La bolgia di Belfast (Parte 1)

 

Poteva essere una bolgia e così è stato. Parlare ora di Belfast mi risulta quasi difficile, semplicemente perché dovrei cercare di riordinare un po’ tutto: fatti, persone, situazioni. Una cosa è certa, due giorni, mille avventure. Il fatto di dover comprare i biglietti cinque minuti prima della partenza è stato un ostacolo superato grazie alla mia organizzazione, riguardo al viaggio in treno che è durato un’ora in più del previsto potevo farci ben poco. Abbiamo perso 40 minuti fermi in mezzo alla campagna irlandese senza un motivo e senza un avviso prima di riprendere la marcia e superare il confine.

Belfast mi ha accolto con un cielo grigio e con tanta neve ai lati delle strade, la sera prima c’era stata una vera e propria bufera. Dopo aver visto la City Hall, sono entrato a St. Anne Cathedral, molto bella e migliore della vicina San Patrick. Chiuso il mini tour ecclesiastico, sono andato a pranzo da Burger King. Pago il menù con 50 euro ed il commesso mi dà ovviamente il resto in sterline, precisamente 12 pounds. Lo guardo e con molta educazione gli faccio notare l’evidente errore, anche perché 34 euro per un menù mi sembra un po’ troppo.

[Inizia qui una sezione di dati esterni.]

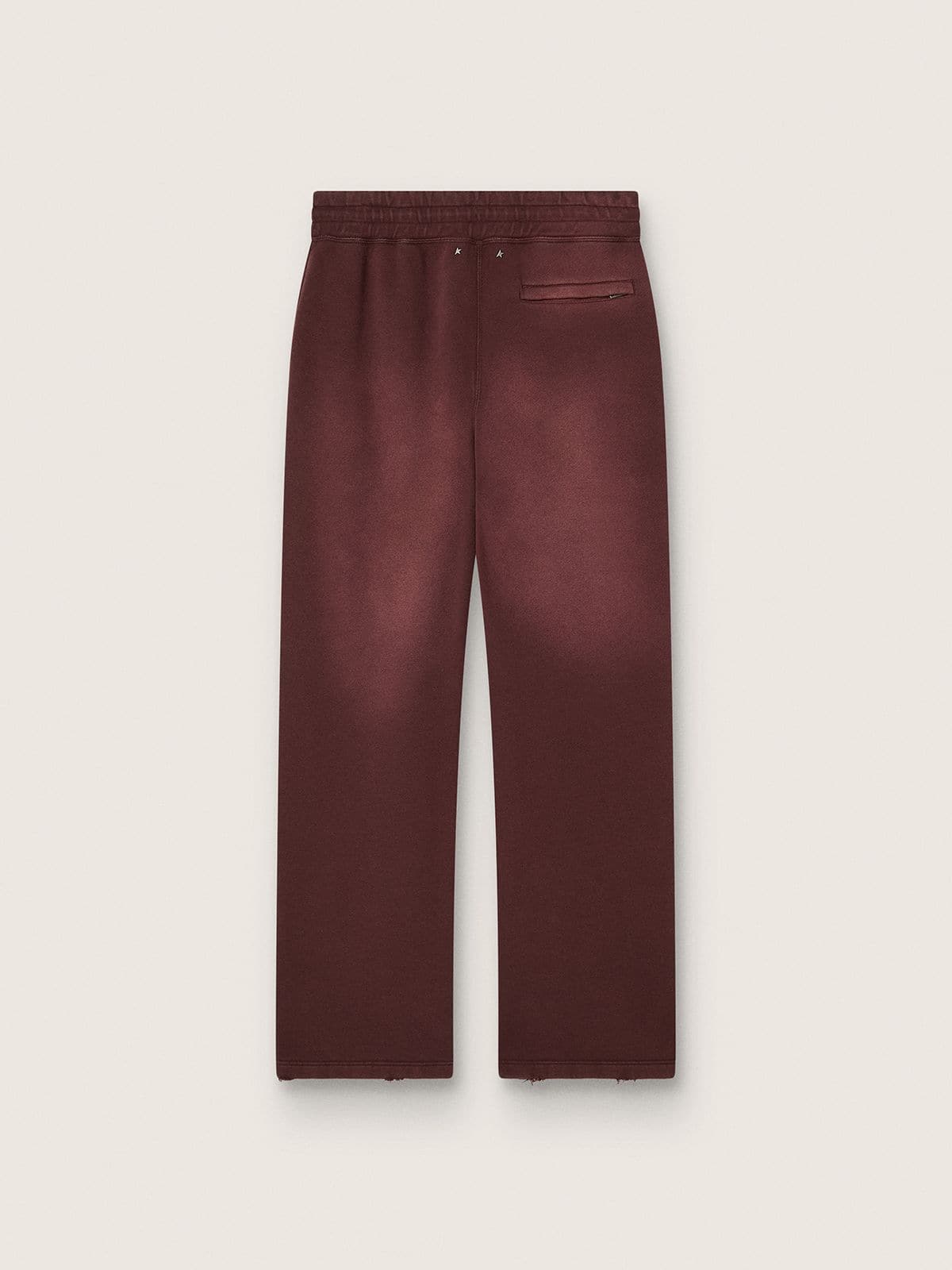 Unisex sweatpants in burgundy cotton fleece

Sistemato l’intoppo, mangio e vado a prendere il bus numero 61 per recarmi in hotel a fare il check-in. Dopo 30 minuti di attesa, con un vento gelido che mi pervade in ogni angolo, salgo su un autobus fermo lì davanti a me per chiedere informazioni all’autista.

Quest’ultimo mi conferma che devo prendere assolutamente il 61 e mentre esclama tutto ciò, vediamo il maledetto 61 affiancarci e superarci. Avevo intuito che l’autista era un tizio tendente al fomento, ma non immaginavo fino a che punto. Superati dal bus mi dice di rimanere a bordo, di non pagare il biglietto e soprattutto esclama: “Come on, let’s try to catch him!” (Forza, proviamo a prenderlo!) Mentre esclama questa frase, mi esalto e parte l’inseguimento. Mi chiede da dove vengo e qual è la temperatura a Roma ora, fino a quando il 61 imbocca una strada e lui deve per forza girare. Si ferma al centro di un incrocio e mi fa scendere, mi carica e mi incita all’inseguimento che per forza di cose dovrà proseguire a piedi.

Scendo e inizio a correre con il classico abbigliamento da podista: piumino, sciarpa, cappello, scarponi, jeans e zaino in spalla, tutto ciò in mezzo alla neve, una prova tanto estrema che al confronto la tremila siepi è un giro a passeggio con il cane a Villa Borghese.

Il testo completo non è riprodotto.